What you should do — Starting at the line that has "1 & 2 Skills" and stopping after the line that has "Well Crafted Chanel", reproduce the listing below exactly; omit everything else.

Source records —
.....

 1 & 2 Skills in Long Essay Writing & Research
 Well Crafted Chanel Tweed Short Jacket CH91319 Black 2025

.....

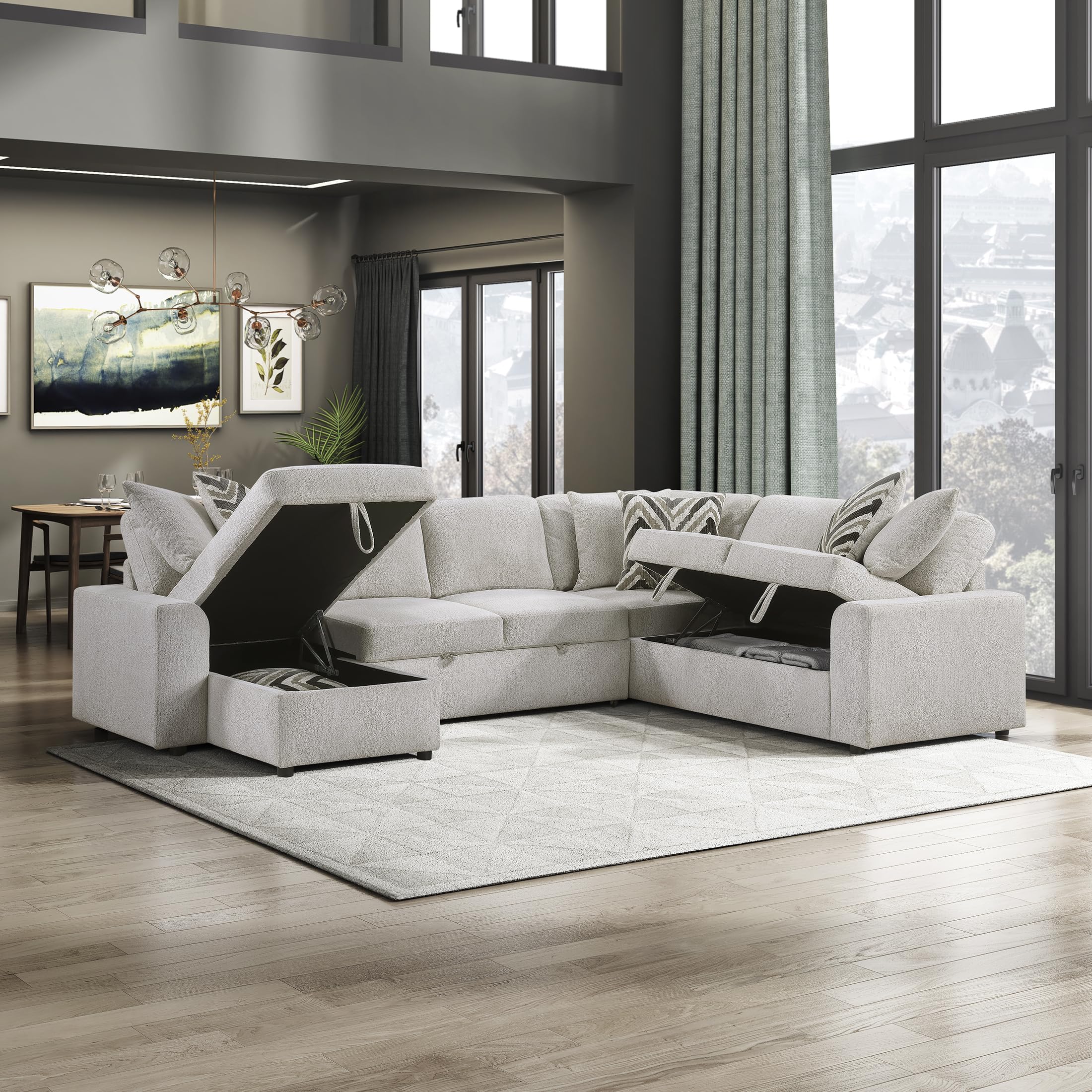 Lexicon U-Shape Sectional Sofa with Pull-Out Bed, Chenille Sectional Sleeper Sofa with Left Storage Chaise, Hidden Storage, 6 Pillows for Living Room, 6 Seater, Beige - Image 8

.....

Your solution —
 1 & 2 Skills in Long Essay Writing & Research
 Well Crafted Chanel Tweed Short Jacket CH91319 Black 2025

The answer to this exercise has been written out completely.